The JSON document database support for MapR-DB is available as a developer preview now, so MapR customers can download code and experiment with the feature. It ships with bindings for Java, Python, and Node.js. Norris says the document database feature will be generally available later this year. MapR-DB JSON document support is in the MapR Community Edition, which is the freebie version of the Hadoop stack that provides the base scalability in a single cluster. If you want the advanced features MapR has, such as multi-cluster replication, then you have to buy a license for the Enterprise Edition. Both are based on the MapR Distribution 5.0 stack that was announced earlier this year. The Enterprise Edition costs $4,000 per node in a base setup with single-cluster functionality of MapR-FS and costs $10,000 per node with the MapR-DB data store added and all of the bells and whistles, including replication and high availability features.
It is hard to say how the uptake of the JSON feature for MapR-DB will go, but the uptake for the key-value store has been brisk, according to Norris, with approximately 40 percent of its Hadoop customers adopting it. And one of the drivers for the MapR distribution from the beginning has been its ability to run mixed workloads of HDFS, HBase, and NoSQL on the same set of machines rather than on separate clusters.

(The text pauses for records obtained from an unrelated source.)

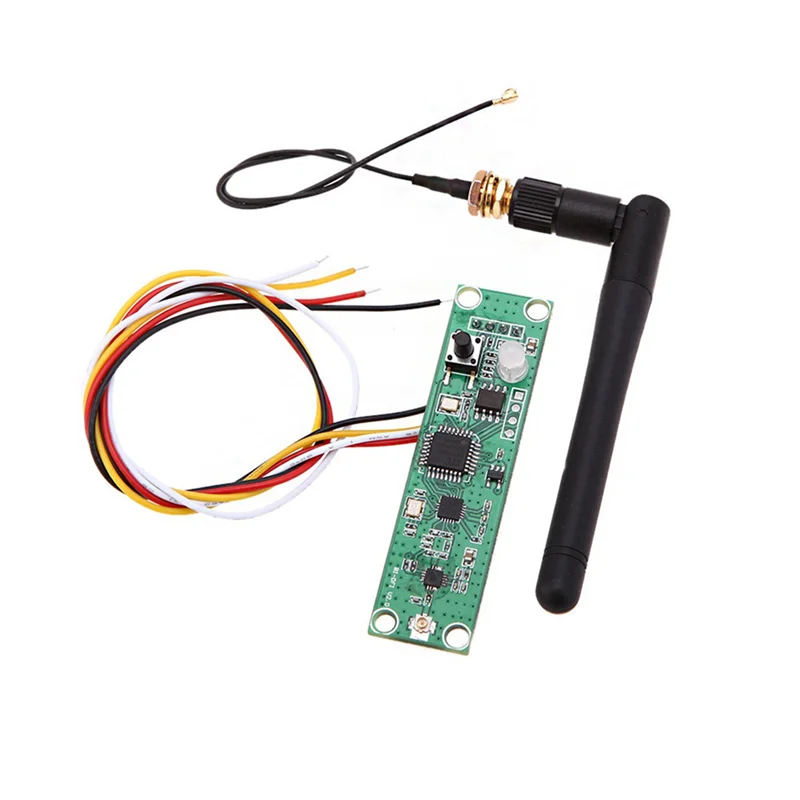 -ABGQ 2X 2.4G DMX Controller wireless DMX512 Trasmettitore Ricevitore 2 in 1 Modulo PCB con antenna per luce da palco fai da te incorporata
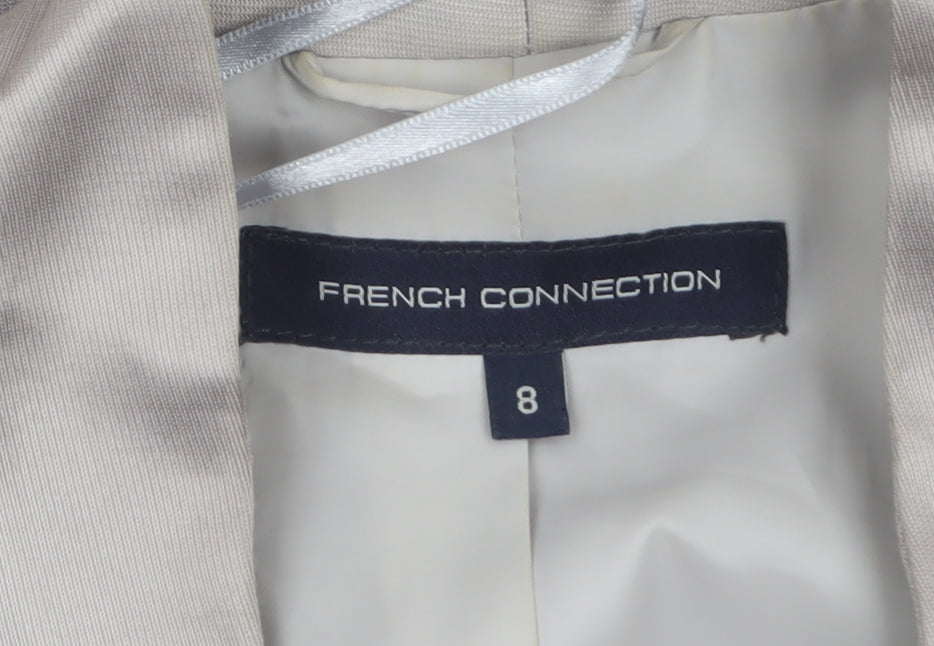 French Connection Women’s Beige Tailored Shawl Blazer Size 8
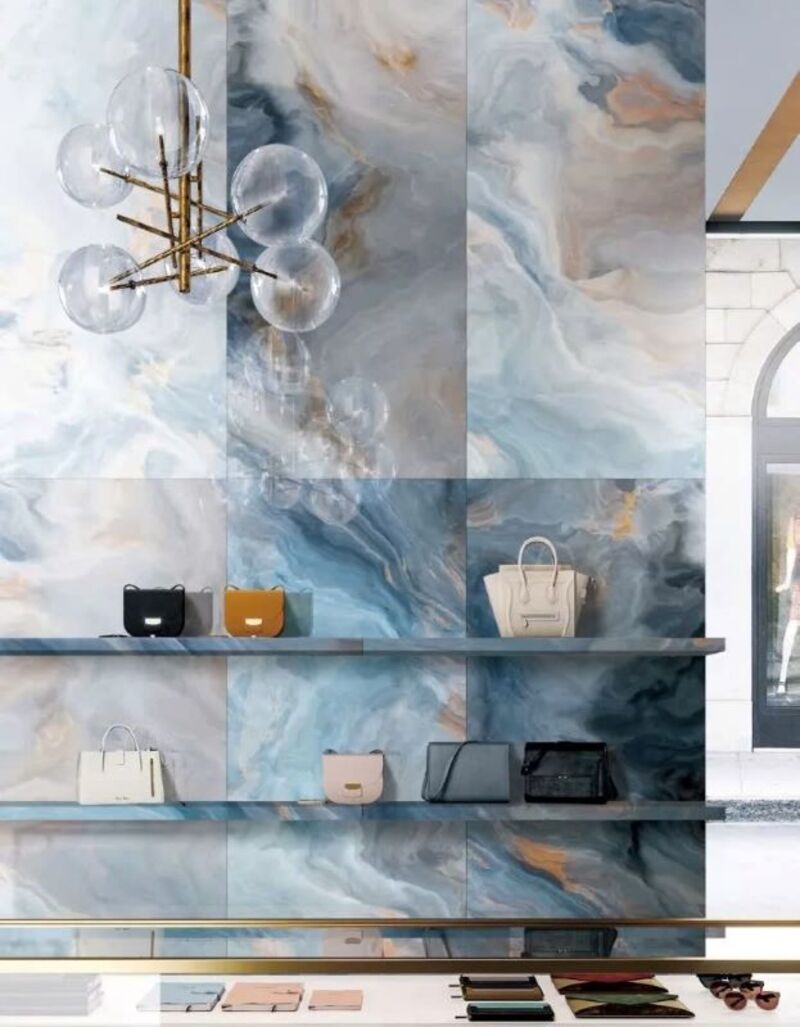 Gạch 60x120 Trung Quốc vân đá cẩm thạch màu lam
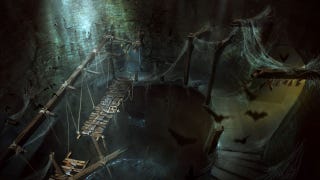 Wolfenstein: The Old Blood artwork shows the catacombs, dock, more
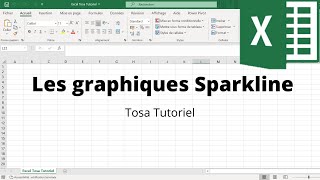 Comment utiliser les Graphiques Sparkline avec Excel 2020  Excel  TOSA 2016 [upl. by Ihdin]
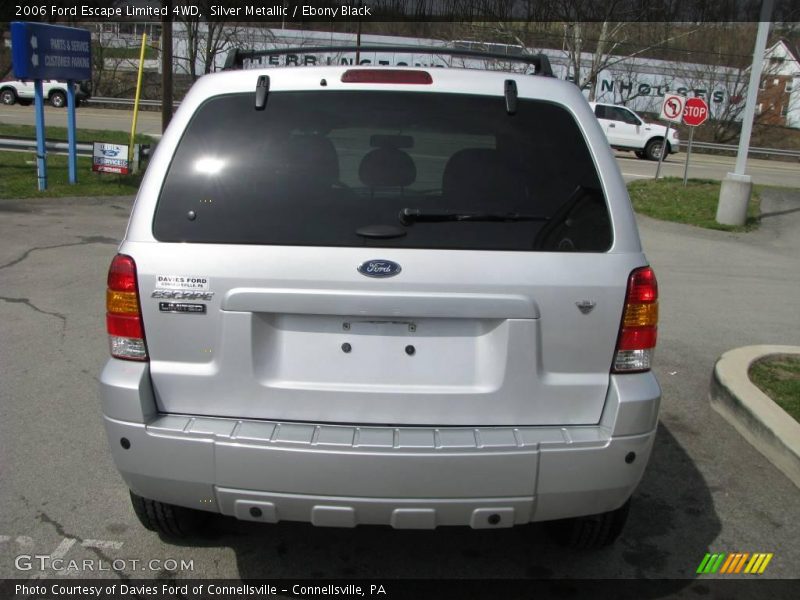 Silver Metallic / Ebony Black 2006 Ford Escape Limited 4WD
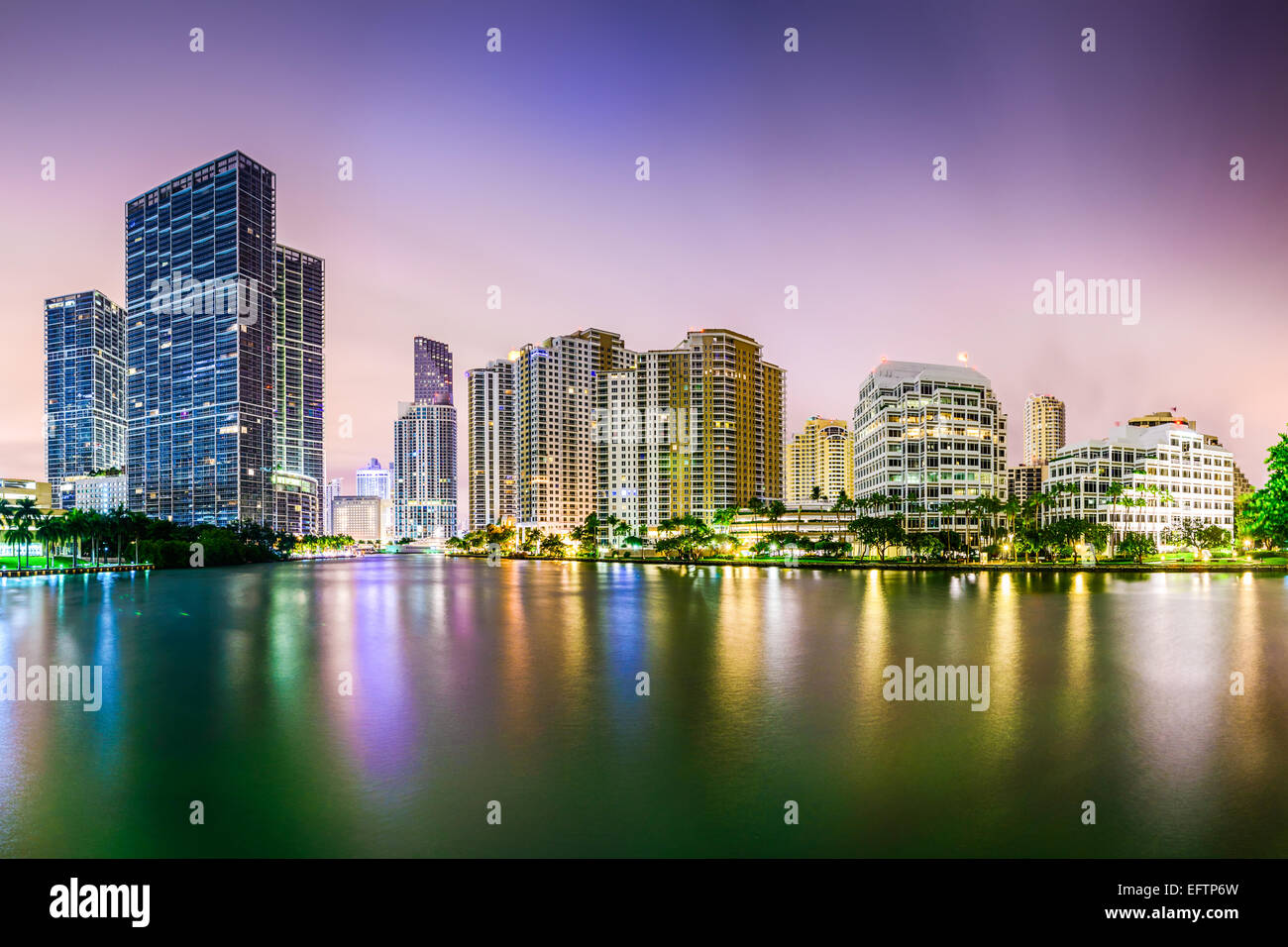 Miami, Florida city skyline. Stock Photo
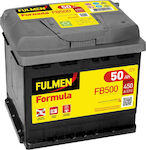 Fulmen Μπαταρία Αυτοκινήτου Formula FB500 με Χωρητικότητα 50Ah και CCA 450A
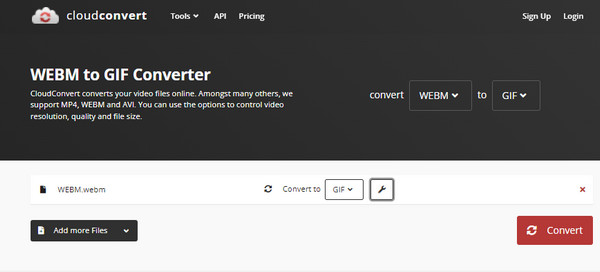CloudConvert Convert WEBM to GIF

“It has been surprising how organic the growth has been within our customers, and I think a lot of that is because of the architecture we have put in place so they can leverage our multi-tenancy, logical volumes, and workload management tools to support diverse workloads on the same clusters,” says Norris, adding that HBase is so finicky on most Hadoop distros that customers want to run it on dedicated clusters but they don’t have to on MapR because of the way the HBase APIs are implemented on top of MapR-FS. “I think we skew higher than other distributions, and when we replace competitors, what we find is that they are more likely to have multiple physical clusters than MapR.”